Looking at the past sprint I’d completed 49 story points over 3 days. My goal was to have the site finished by Friday midday, which at the time of writing this is 4 1/2 days away… at a velocity of 16 points per day, I could complete 72 story points, but the sprint backlog was 92 points.… So I had to make some choices, It was time to prioritise the sprint backlog. The two factors to consider when prioritising any backlog are risk and value, with “risk” being uncertainty & “value” being what the user of the site would experience as making their life better. When it comes to risk, I didn’t have experience with the AMP framework, which I outlined in my project charter as well. So the goal is to tackle these stories early in the project. Next, I moved the tasks that were for HR personas higher in the list.

Now I had my prioritised backlog I could move the user stories back into the product backlog that I didn’t think I could complete. I made a call early with this process, that I would have to forego a CMS to get this up by Friday. This meant I’d have to manually set up new pages, but with a goal to have only a handful of posts to launch with it was ok. Now, I was left with 76 story points for my sprint… I decided it was doable! A little above the 72 I was aiming for but missing the deadline had no real-world consequences.

The last thing I did was make a Kanban view in Airtable. This was going to be my main working view. Meaning my flavor of Agile for this project is ScrumBan

Sometimes it felt like going back to the dark ages.. An almost basic html multi-page application with no hopes of writing my own custom javascript. At least CSS has come a really long way in the last 5 years. Also luckily AMP offers probably just enough boilerplate components to keep me happy; modal lightboxes, social sharers, sidebar menus, analytics plugins, carousels, google sheets viewers, time and date formatters and so on. Basically, you don’t get to implement any of your own JS, just connect the styling with what is already offered through these boilerplates (at the time of writing this post anyway).
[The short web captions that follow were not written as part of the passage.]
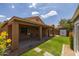 Backyard view highlighting the covered patio and mature landscaping at 3248 W Sunshine Butte Dr, San Tan Valley, AZ 85144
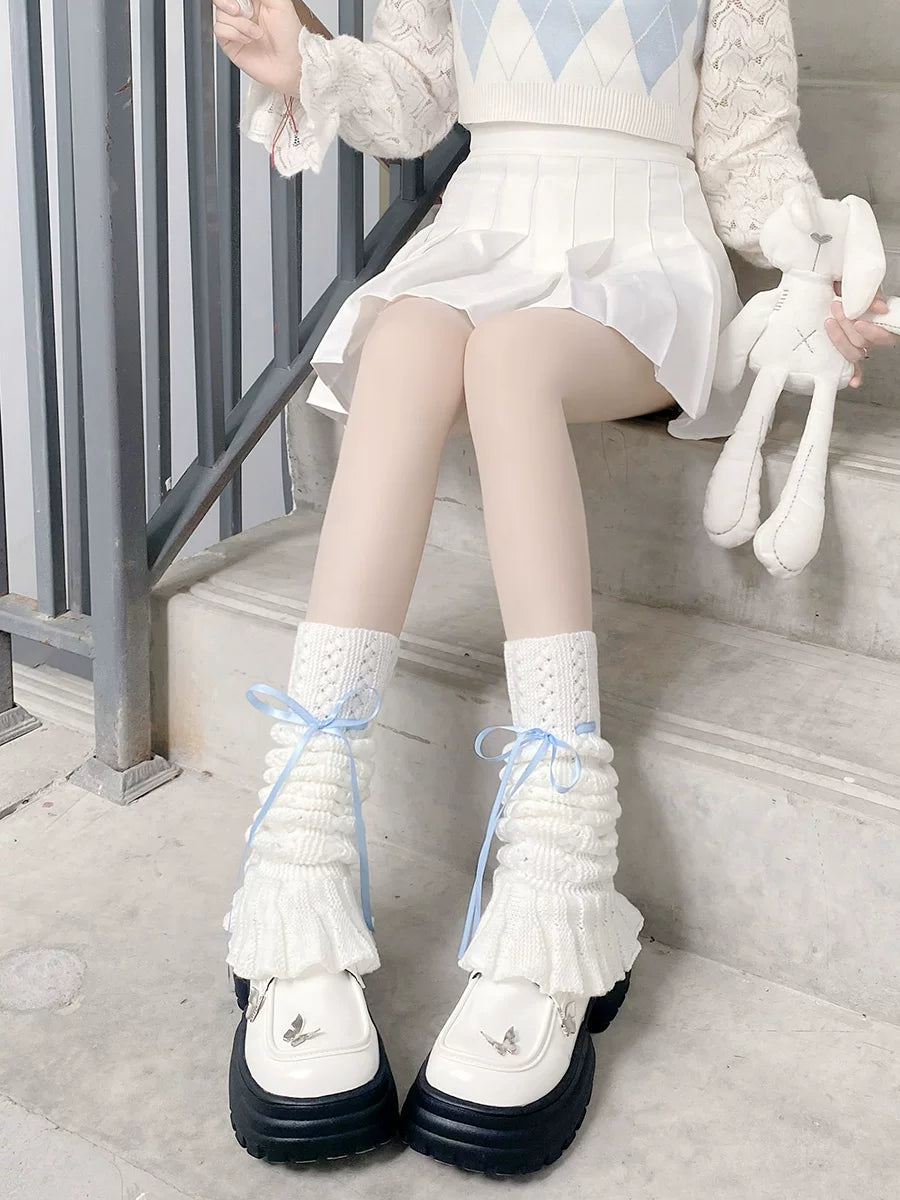 White knitted leg warmers with lace cuffs and blue ribbon ties worn over platform shoes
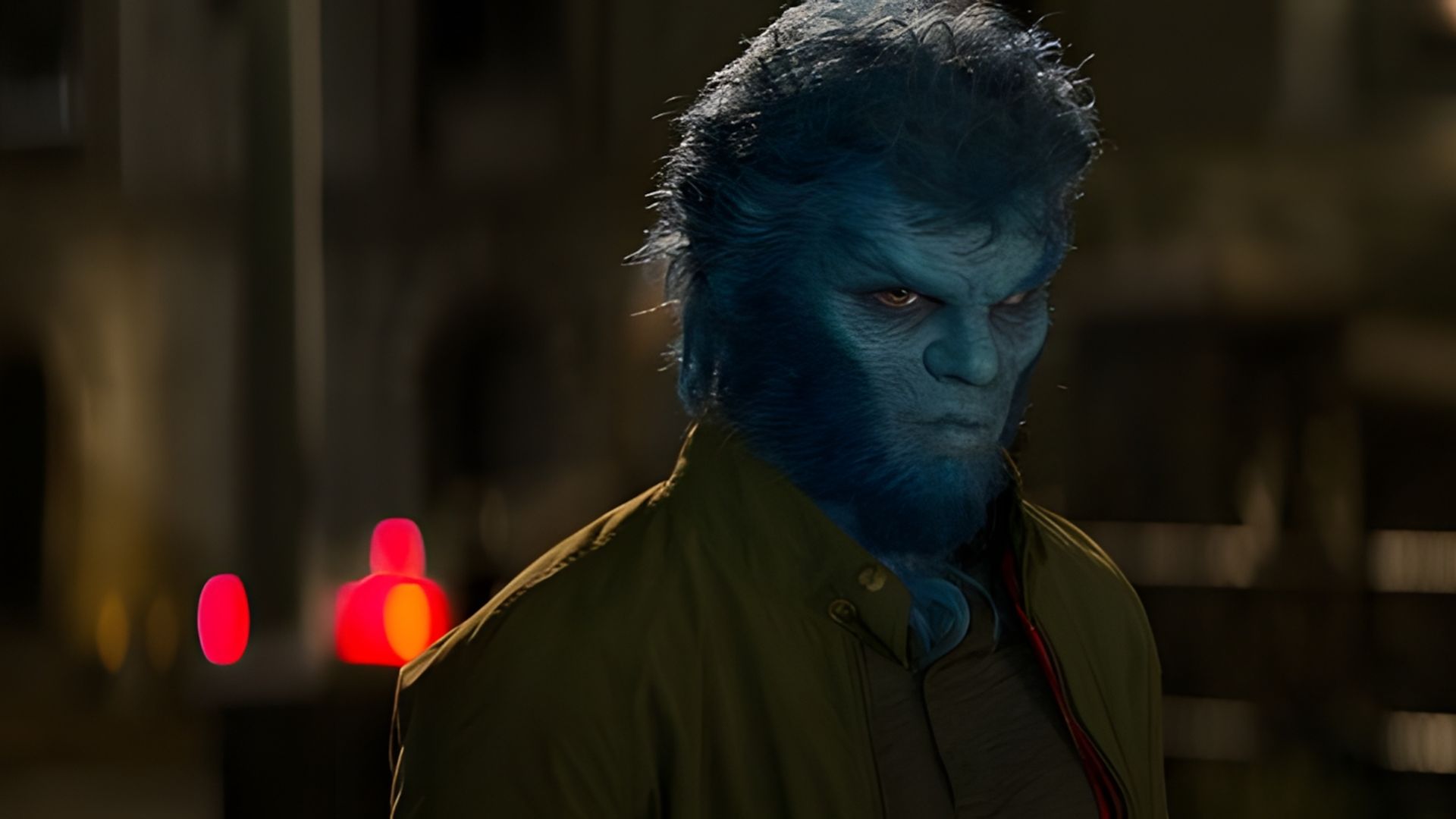 Nicholas Hoult com o rosto azul e pelo, num casaco verde, de pé à noite numa rua escura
When it comes to CSS you can forget about including style sheets separately, all CSS is served inline, saving multiple resource requests and well, you guessed it, saving time too… This makes for a sore scrolling hand when your CSS doc is 2000 lines long.

Most CSS is supported but the only frustrating unsupported feature that I really missed was background-image. If you want to float some text over an image, or you want to just centre an image, hide any overflow and let its size depending on the device then you’re going to need to find another way. All images must be loaded with the <amp-img /> mark up with the width and height defined at the outset. Images are the enemy to load times, so AMP has strict enforcement over this.

I even added me as a “Person” with the new JSON-LD markup. This will hopefully give me a little bit of an edge in SEO. I found this great resource to help me put it all together

7) Deployment and Testing!

As it was a simple application, and it was a one-man team, I stuck with User Acceptance Testing (using the site as a normal user would) on my local environment, then exploratory testing in production.

Also, my project would come way under budget, thanks to Netlify’s free hosting and Cloudflare’s free SSL certificates I can not pay a cent to get this thing up!

8) Continuous Improvement!

A/B testing is all about asking good questions. I wanted to start simple. My design is very much flat & monochrome. I wanted to know if giving the Call to Actions a little more flare could change results. This test will be a long one, not a huge amount of traffic will be on my site. Either way, let’s set it up and check back in later!

Here’s my first experiment.


It's lightning fast, It's beautiful (maybe I'm just a doting father). It's to the point. It's SEO rich. Now I just need content!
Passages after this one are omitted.